Quant à ma pièce The Last Mikado je l’ai réalisée durant ma résidence à la Rijksakademie d’Amsterdam, dans un contexte artistique total. De là a débuté mon intérêt pour un art qui se réfère à l’art même et ma réflexion sur le sens que pourrait avoir un art sur l’art. Je suis intéressé par les œuvres qui sont répétées et refaites encore et encore et qui peuvent être répétée non parce qu’un artiste en copie un autre mais pour des raisons différentes. The Last Mikado est une pièce que je répète mais où parallèlement je montre la documentation de quatre œuvres à peu près identiques mais de quatre artistes différents. Nombre d’entre elles ont un soubassement politique et conceptuel fort. Ainsi j’ai pensé que ma 5e pièce aussi pourrait avoir ce même arrière-plan politique lié à la démocratie. Si ces quatre artistes ont eu leur mikado, je voulais avoir le droit au mien également.

Yaima Carrazana, The Last Mikado, 2010 © Yaima Carrazana

Yaima Carrazana, The Last Mikado, 2010 © Yaima Carrazana

Pour revenir à cette question des influences, j’ai été surprise de voir que dans un de mes derniers tutoriels vidéo où j’ai constitué un travail spécifique sur les peintures de point colorés de John Armleder, une partie du public pensait que je reproduisais les œuvres à points colorés de Damien Hirst – alors que les peintures d’Armleder ont existé bien avant celles de Hirst.

Un dernier exemple ayant trait à mes influences est l’utilisation, dans mon projet le plus récent (cf. Dating a Royal) de peintures monochromatiques – thème abordé depuis Malevitch jusqu’à l’actualité. 

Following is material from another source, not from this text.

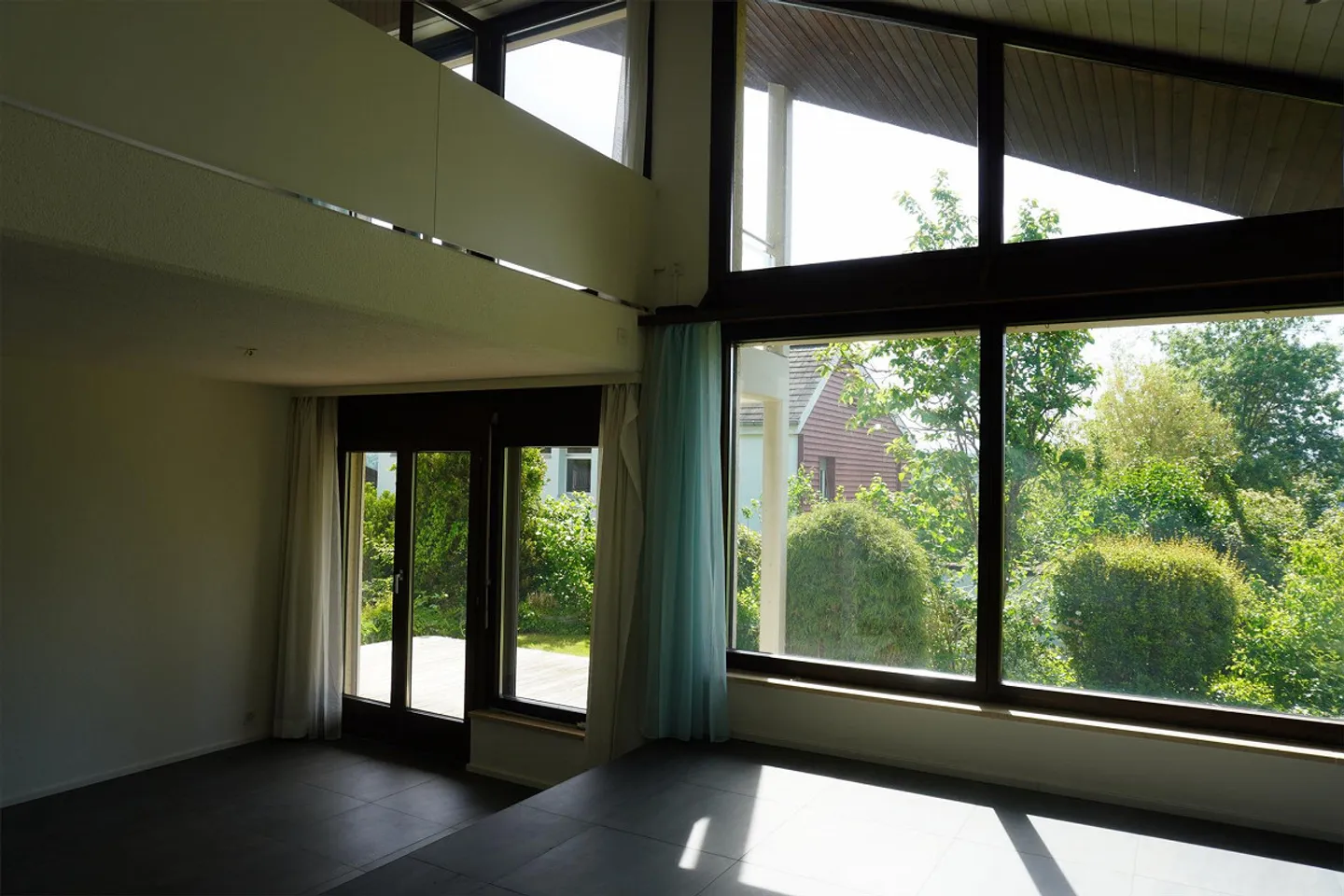 Freistehendes Einfamilienhaus in Oberwil - Foto 5 von 14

Le lien entre art et politique est-il toujours présent dans ton travail malgré le changement de contextes ?

Oui, je pense que mes œuvres conservent, d’une manière ou d’une autre, un lien avec le politique. Elles sont des réactions à différents contextes et moments. Le fait qu’une œuvre soit politique ou non reste un de mes questionnements personnels. A un moment donné, j’en étais même venue à croire qu’il n’y avait rien de politique dans l’art. Avec Untitled et Someone who does not want to be alone, j’ai commencé à utiliser la sous-catégorie du kitsch appelée « kitsch totalitaire » – où la seule raison d’être de l’art est de répondre à un régime dictatorial. Dans ces deux œuvres j’ai peint moi-même les peintures murales et ai construit les environnements dans lesquels j’ai placé ce « kitsch totalitaire » hors de son contexte, en y éliminant toute fonction politique ou idéologique pour le porter à un niveau artistique.

Yaima Carrazana, Untitled, 2009 © Yaima Carrazana

Yaima Carrazana, Untitled, 2009 © Yaima Carrazana

A quoi se réfère l’utilisation de médicaments dans des œuvres comme Potencia Medica, F117 Nighthawk, Platoon, Crossings, Stars, O muerte, pour déchiffrer un imaginaire politique ?

J’ai produit ces comprimés quand j’ai quitté Cuba. Là-bas j’étais dans un contexte que je connaissais et j’étais plus ouverte et prête à intervenir dans la rue ou l’espace public, par exemple. Puis en arrivant à Madrid, j’ai réalisé qu’il était difficile de développer mon propre travail dans un pays où tout était complètement nouveau pour moi. Le continent européen était trop grand. Alors je me suis traduite en pièces très petites, où je peignais moi-même ces comprimés minuscules ou les faisais intervenir dans certaines vidéos. Je me suis enfermée en moi et dans mes idées. Bien que ces pièces aient une relation étroite avec moi-même et mon expérience personnelle, elles m’ont amené à avoir à parler de questions complexes telles le système médical cubain, qui est considéré comme modèle à suivre dans le monde entier, et dont la réalité s’éloigne complètement de cette vision. Dans mes comprimés j’utilise des symboles qui sont lié à mon pays d’origine.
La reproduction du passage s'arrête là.